Celebrating Nadal's Epicness

MichaelNadal

Bionic Poster
After a relatively smooth run to the final, Rafael Nadal won the 2019 US Open in dramatic fashion on Sunday night, edging Daniil Medvedev in an absolute epic for the title, 7-5, 6-3, 5-7, 4-6, 6-4.

Here are 19 things Nadal achieved in Flushing Meadows this year:

1. He won the 19th Grand Slam title of his career. The Spaniard now has one Australian Open (2009), 12 French Opens (2005, 2006, 2007, 2008, 2010, 2011, 2012, 2013, 2014, 2017, 2018 and 2019), two Wimbledons (2008 and 2010) and four US Opens (2010, 2013, 2017 and 2019).

2. He’s now just one behind Federer. Roger Federer still holds the all-time men’s record for most Grand Slam titles at 20, but with 19, Nadal’s just one behind. The last time he was just one behind Federer’s majors was over 15 years ago, when the Swiss had one major and the Spaniard had none.
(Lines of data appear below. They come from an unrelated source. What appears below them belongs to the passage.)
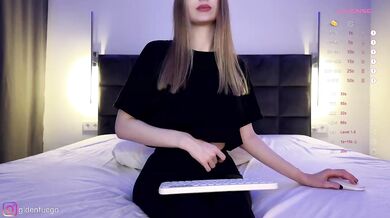 DiamondLily - Porn Video [Bongacams]: popular internet personality, divine enchantress, hole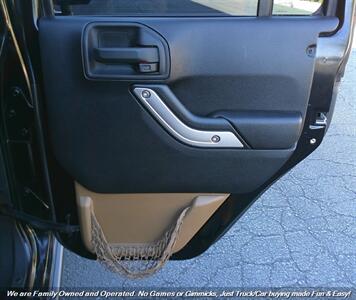 2011 Jeep Wrangler Rubicon   - Photo 18 - Mesa, AZ 85202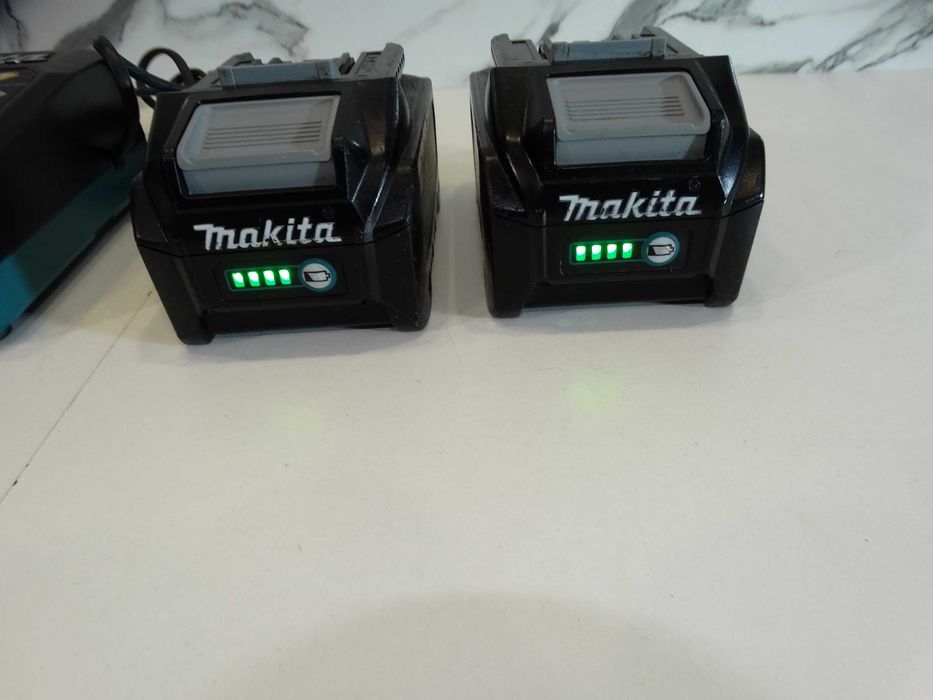Makita XGT / 40 V / 4.0 Ah - Батерии и зарядно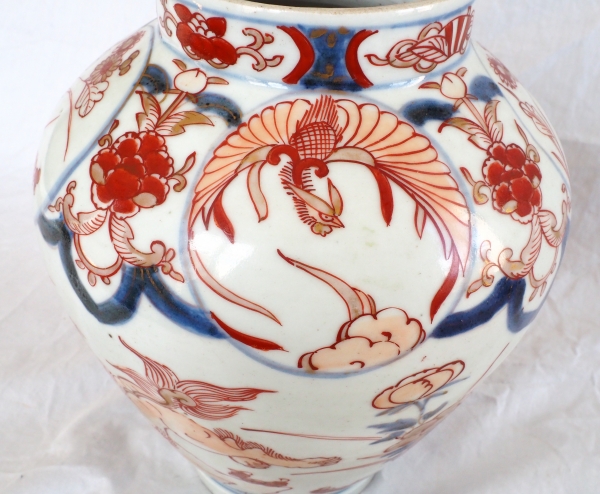 Paire de potiches en porcelaine Imari bleue, rouge et or, époque fin XIXe siècle - 32cm
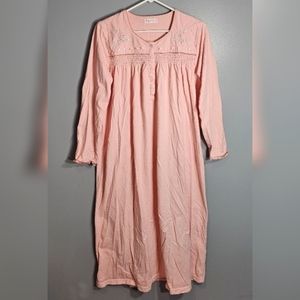 Vintage Embroidered Nightgown, Flower Buttons, Roses, Scalloped Sleeves,…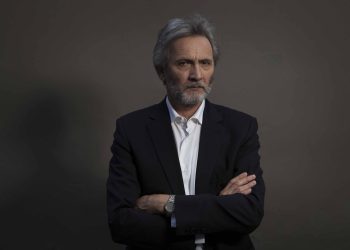 Γιάννης Καλπούζος: Το νέο του βιβλίο «Ό,τι αγαπώ είναι δικό σου»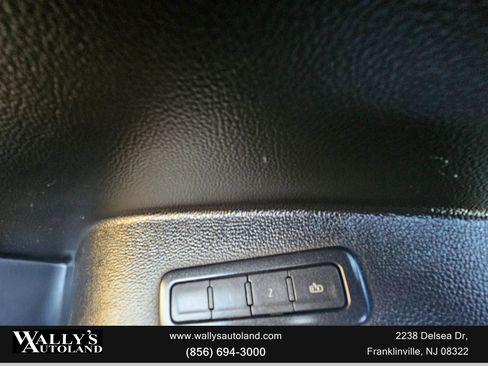 Used 2019 Chevrolet Suburban Premier image 28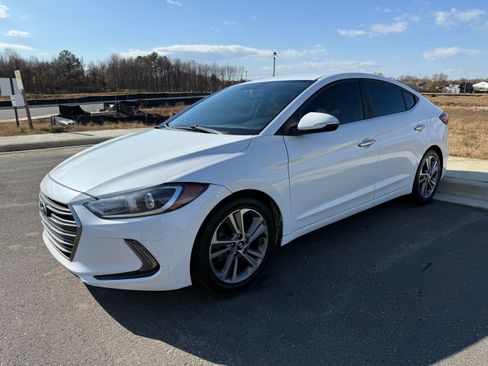 Used 2017 Hyundai Elantra Limited image 4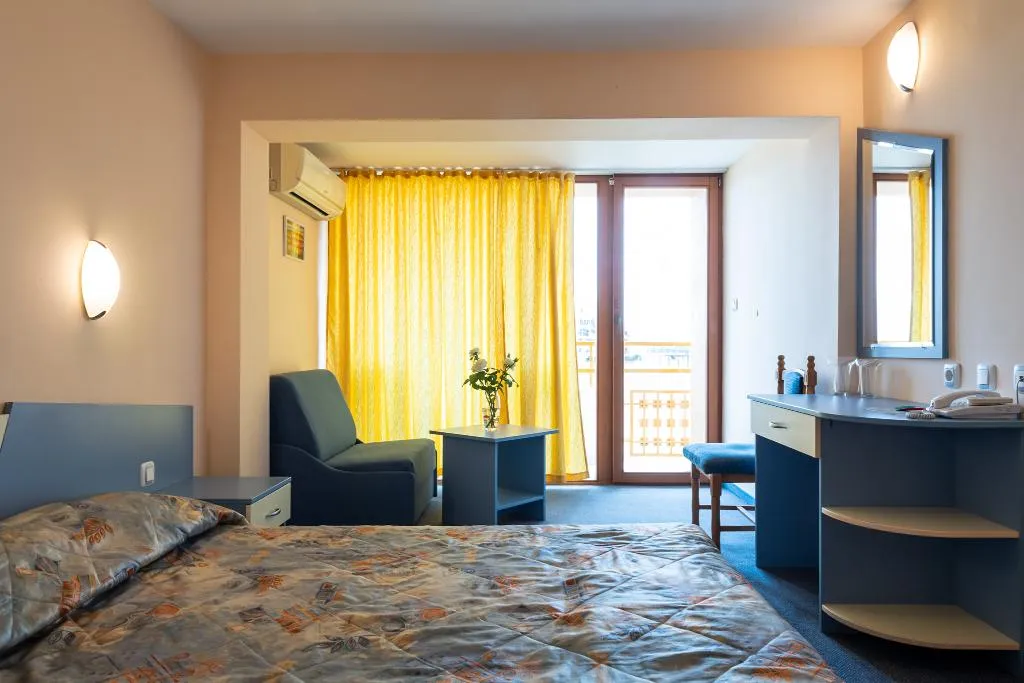 DOUBLE PARK VIEW Room, Nessebar Beach hotel, Bourgas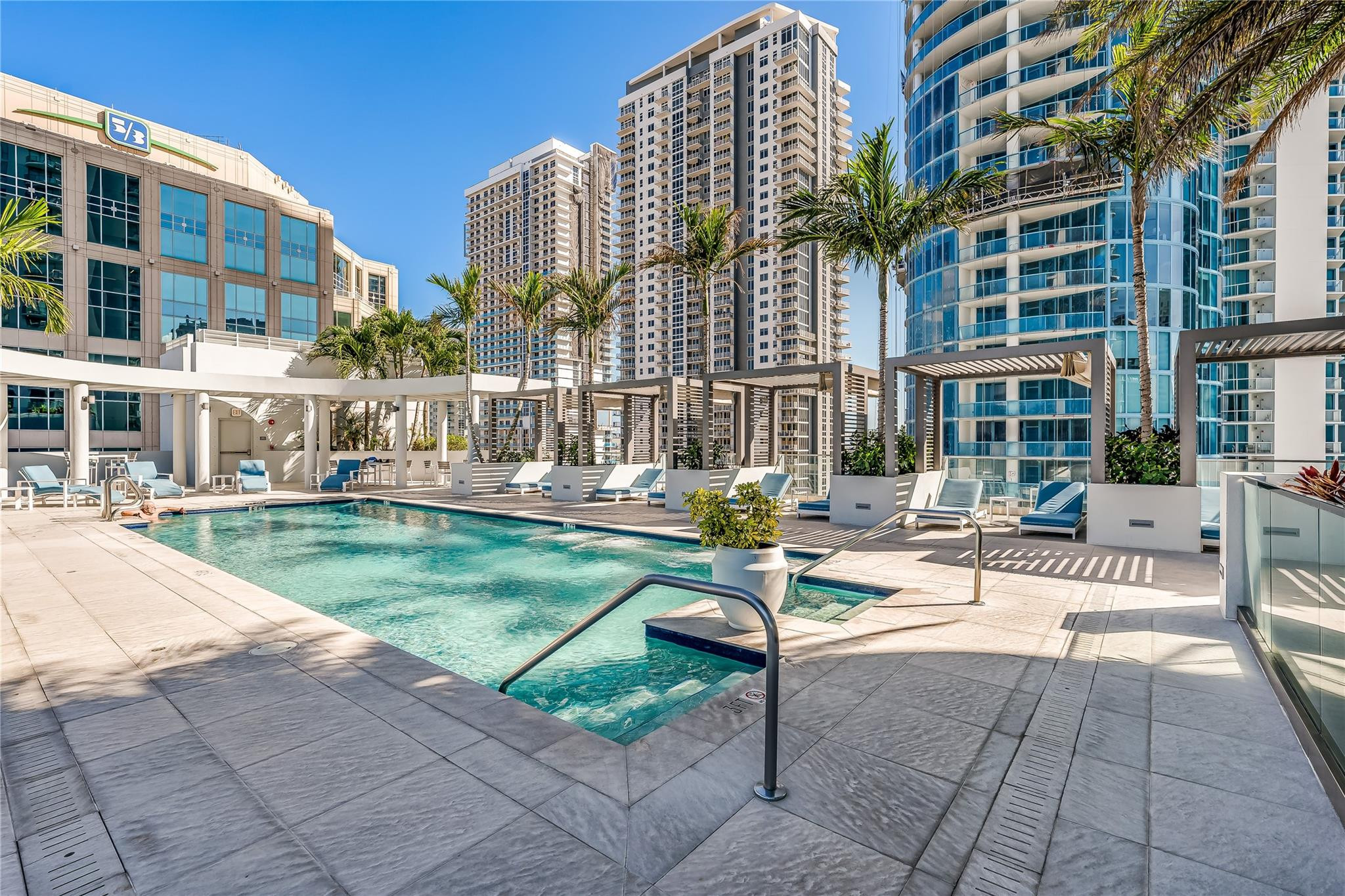 100 Las Olas - Residential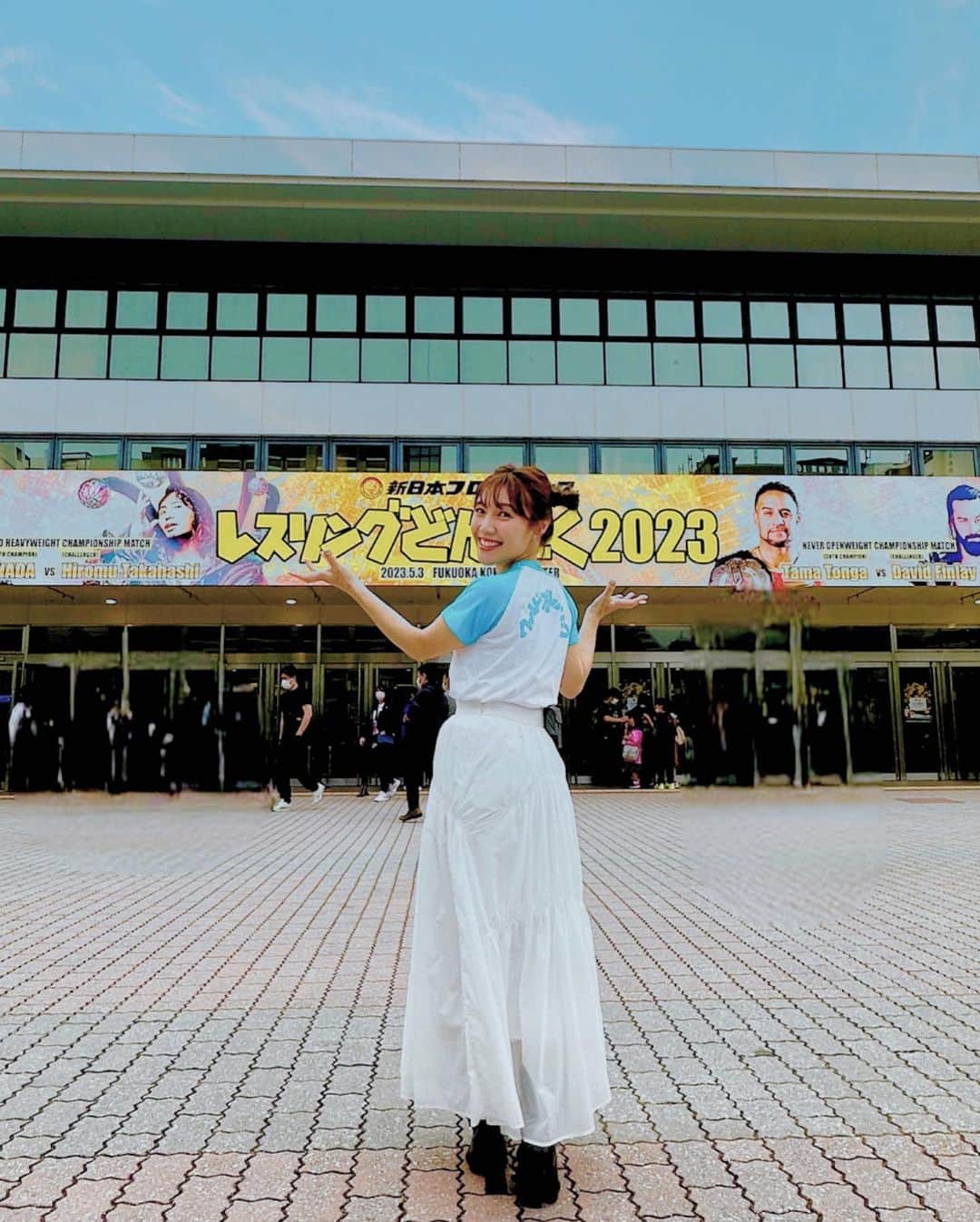 黒田りさのインスタグラム：「🌼 毎年たのしみにプロレス仲間と観戦している【レスリングどんたく】！ 今年はなんとなんと、念願の取材でお邪魔することができました😭✨  インタビューや、バックヤードなどにも入らせてもらって、夢の世界にいるような気持ちと、終始どきどきが止まりませんでした！  試合はとにかく熱気ムンムン🔥マスクなし&大声での声援も解禁されてはじめての試合ということで、応援の声が飛び交って、お客さんと一緒に熱くなれるプロレスが帰ってきたんだーって感動しました！  だいすきなプロレスのお仕事ができてとっても嬉しかったです☺️✨  打ち上げに連れてって頂いたのは西中洲のやれんの家まさとよさん🍶壁中にびっしりと貼られているプロレスポスター！ 聞こえてくるお客さんの会話もプロレスの話題。 楽しく美味しい居酒屋さんでした🏮✨ プロレスファンならよりたまらないアットホームなお店です✨ 塩もつ鍋、豚バラとってもおいしかったのでぜひ☺️🫶  📺放送は福岡では見られないのですが YouTubeにもアップされるとのことでまた告知します！✨  #新日本プロレス#レスリングどんたく2023#プロレス観戦#プロレス女子#やれんの家まさとよ」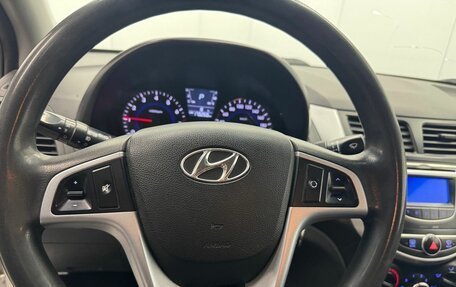 Hyundai Solaris II рестайлинг, 2013 год, 620 000 рублей, 14 фотография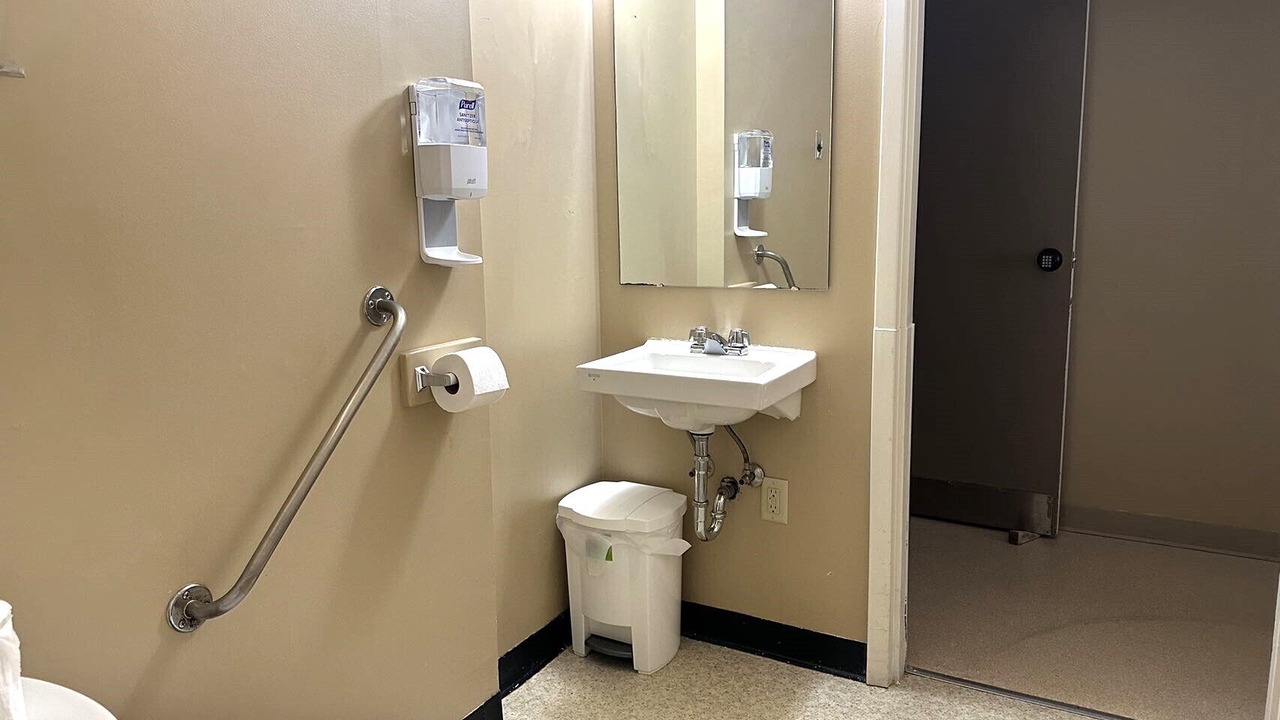Photo of Bathroom in Owen Sound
3. He’s closing in on Federer’s Grand Slam finals record, too. Federer still holds the all-time men’s record for most Grand Slam finals at 31, but Nadal’s now at 27. The gap was 30-24 to start the year.

4. He improved to 19-8 in Grand Slam finals. Broken down by Grand Slam that’s 1-4 in Australian Open finals, 12-0 in French Open finals, 2-3 in Wimbledon finals and now 4-1 in US Open finals.

5. He won his fourth US Open title. He’s just the fifth man in the Open Era to win four or more US Opens. Jimmy Connors, Pete Sampras and Federer won five each, while John McEnroe won four.

6. He became the second-oldest man in the Open Era to win the US Open. At age 33, Nadal’s the second-oldest man in the Open Era to win the US Open after Ken Rosewall, who won it at 35 in 1970.


Getty Images

7. He’s the first man in the Open Era to win five Grand Slam titles after turning 30. By winning the 2017 French Open, 2017 US Open, 2018 French Open, 2019 French Open and 2019 US Open, Nadal is the only man in the Open Era who’s won five or more Grand Slam titles after turning 30.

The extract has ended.